インクの王道ブルー・ブラック-光と影- その2(碧)

  万年筆をお好きな方なら、他のインクに比べて、ブルー・ブラックは消えない、ブルー・ブラックはつまりやすい、ブルー・ブラックはフローが悪い、などの知識はご存知だと思うが、なぜブルー・ブラックだけが他のインクと違うのだろうか?
 さてさて、ブルー・ブラックとは?
 そこでまずインクの知識のおさらいをしてみたい。
 
 万年筆のインクは、染料型インク、顔料型インク、混合型インクに大別できる。
“染料型インク”の主成分は染料なので、水に溶ける。成分は沈殿せず、ペン先の腐食性が少なく、インクカスが生じない。また染料なのであらゆる色が作成可能で、色彩も鮮明である。
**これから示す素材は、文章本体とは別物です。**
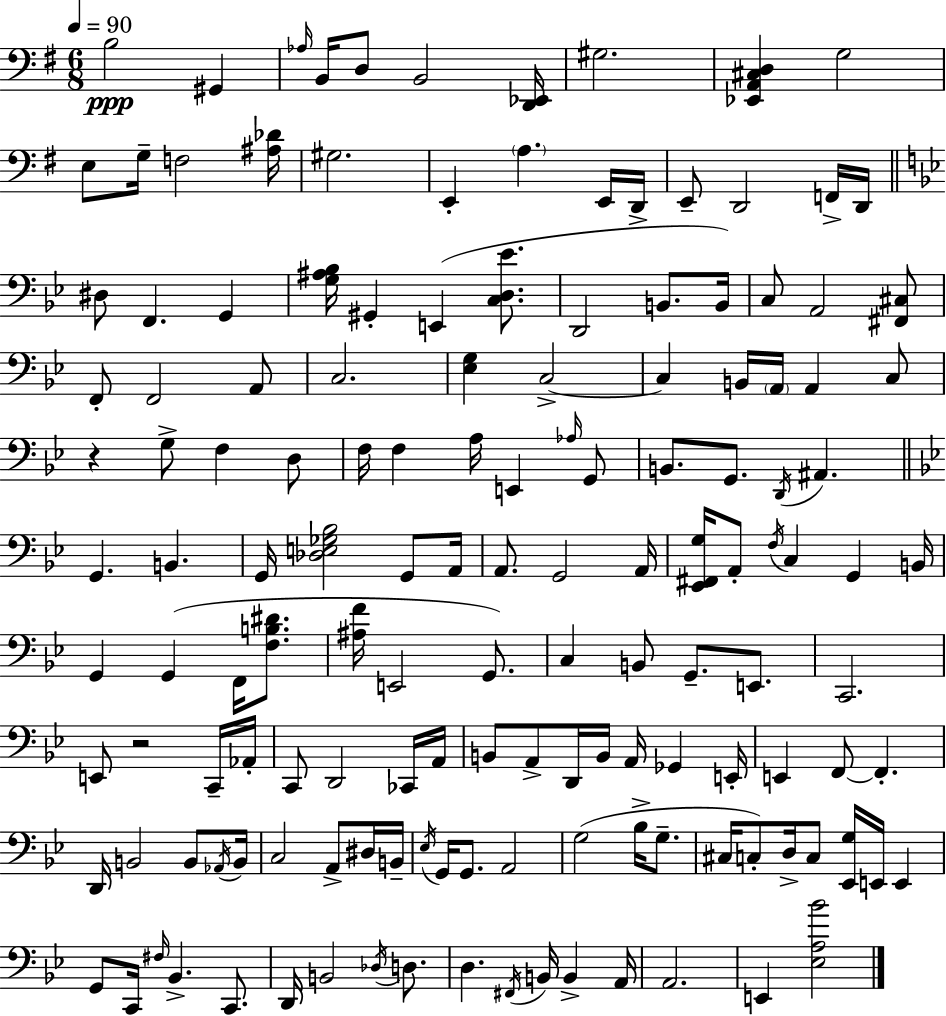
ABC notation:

X:1
T:Untitled
M:6/8
L:1/4
K:Em
B,2 ^G,, _A,/4 B,,/4 D,/2 B,,2 [D,,_E,,]/4 ^G,2 [_E,,A,,^C,D,] G,2 E,/2 G,/4 F,2 [^A,_D]/4 ^G,2 E,, A, E,,/4 D,,/4 E,,/2 D,,2 F,,/4 D,,/4 ^D,/2 F,, G,, [G,^A,_B,]/4 ^G,, E,, [C,D,_E]/2 D,,2 B,,/2 B,,/4 C,/2 A,,2 [^F,,^C,]/2 F,,/2 F,,2 A,,/2 C,2 [_E,G,] C,2 C, B,,/4 A,,/4 A,, C,/2 z G,/2 F, D,/2 F,/4 F, A,/4 E,, _A,/4 G,,/2 B,,/2 G,,/2 D,,/4 ^A,, G,, B,, G,,/4 [_D,E,_G,_B,]2 G,,/2 A,,/4 A,,/2 G,,2 A,,/4 [_E,,^F,,G,]/4 A,,/2 F,/4 C, G,, B,,/4 G,, G,, F,,/4 [F,B,^D]/2 [^A,F]/4 E,,2 G,,/2 C, B,,/2 G,,/2 E,,/2 C,,2 E,,/2 z2 C,,/4 _A,,/4 C,,/2 D,,2 _C,,/4 A,,/4 B,,/2 A,,/2 D,,/4 B,,/4 A,,/4 _G,, E,,/4 E,, F,,/2 F,, D,,/4 B,,2 B,,/2 _A,,/4 B,,/4 C,2 A,,/2 ^D,/4 B,,/4 _E,/4 G,,/4 G,,/2 A,,2 G,2 _B,/4 G,/2 ^C,/4 C,/2 D,/4 C,/2 [_E,,G,]/4 E,,/4 E,, G,,/2 C,,/4 ^F,/4 _B,, C,,/2 D,,/4 B,,2 _D,/4 D,/2 D, ^F,,/4 B,,/4 B,, A,,/4 A,,2 E,, [_E,A,_B]2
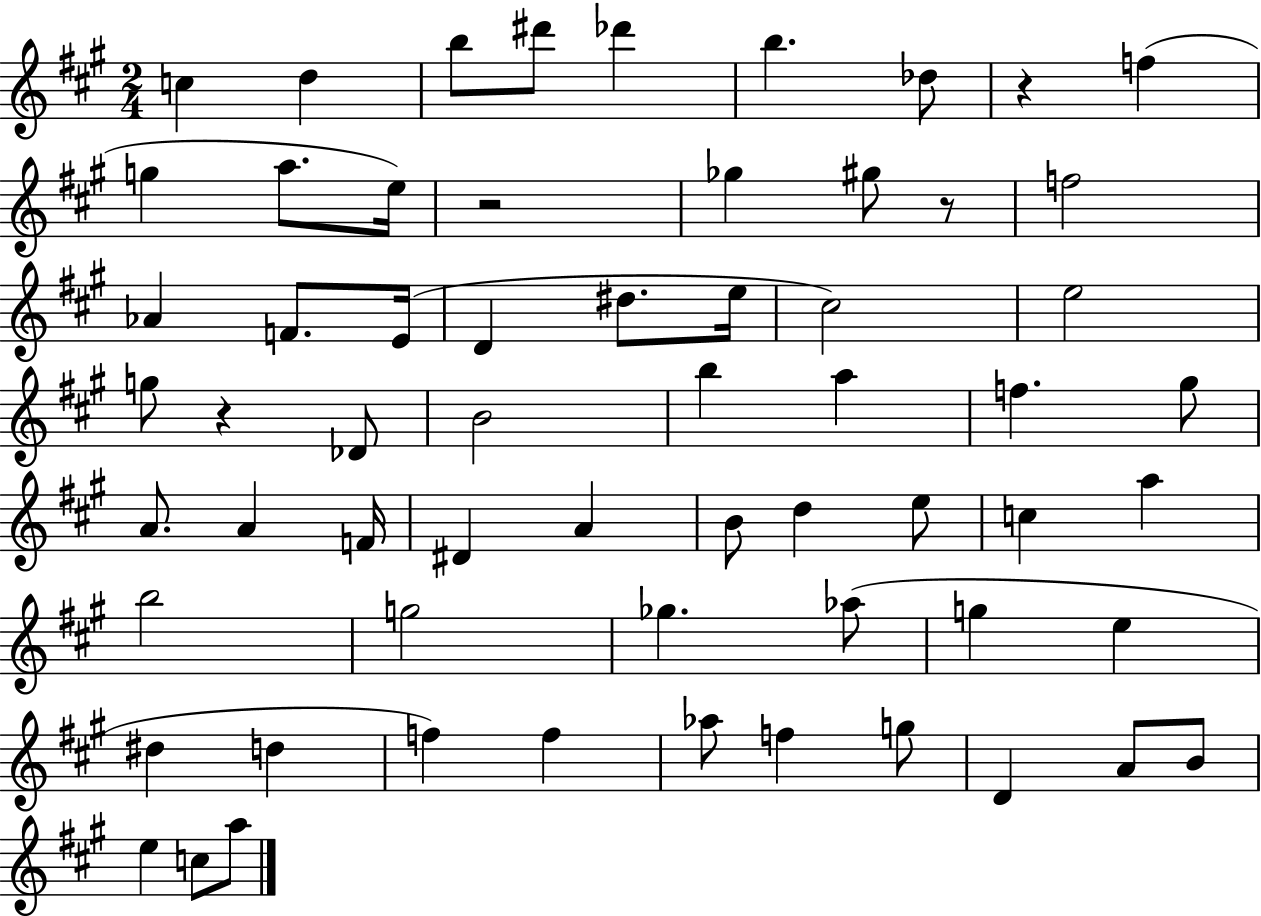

今現在発売されているほとんどの万年筆用インクは染料型インクである。
 
 “顔料型インク”は水に溶けない色素を主原料にしている。一般的に黒色のものが多く、それらはカーボンブラックを用いている。色落ちが少なく粘度が高い。水に溶けにくいため万年筆用としては固まりやすく、手入れが難しい。主に製図用、劇画用などに使用されている。
 
 “混合型インク”は染料と顔料、またはそれ以外の化学薬品との混合によって作られている。別名科学インクとも言われ化学変化を利用したインクでもある。消えないと言われる本来のブルー・ブラックはこの混合型インクの1つである。つまり、ブルーとブラックを混合したインクではなく、科学配合によるインクなのである。
 
 万年筆用に作られたブルー・ブラックは、第一鉄イオンが酸化して第二鉄イオンに沈殿することを利用して作られている。つまり、無色透明の酸化鉄溶液を万年筆に入れて文字を書くと、書いたときには透明だが、しばらくすると酸化作用によって黒く文字が浮き上がってくるのである。しかし、それでは不便なので青い色を染料として付けたものであるという。色合いが染料の青と化学作用によって作られた黒が混ざってブルー・ブラックという色になっている。だから理論的には、書いた時点では青と黒の間のような色合いであるが、時が経つと黒だけが残る。そして、この黒は水にも強く、消えないという。これが本来のブルー・ブラックの組成だそうだ。
 
 ブルー・ブラックは消えない!水に強い!
 しかし、このことに疑問を抱いているのは私だけだろうか? ブルー・ブラックで書いたのに雨に濡れて消えてしまったという経験をされた方はいないだろうか? 本当にブルー・ブラックは消えないのだろうか?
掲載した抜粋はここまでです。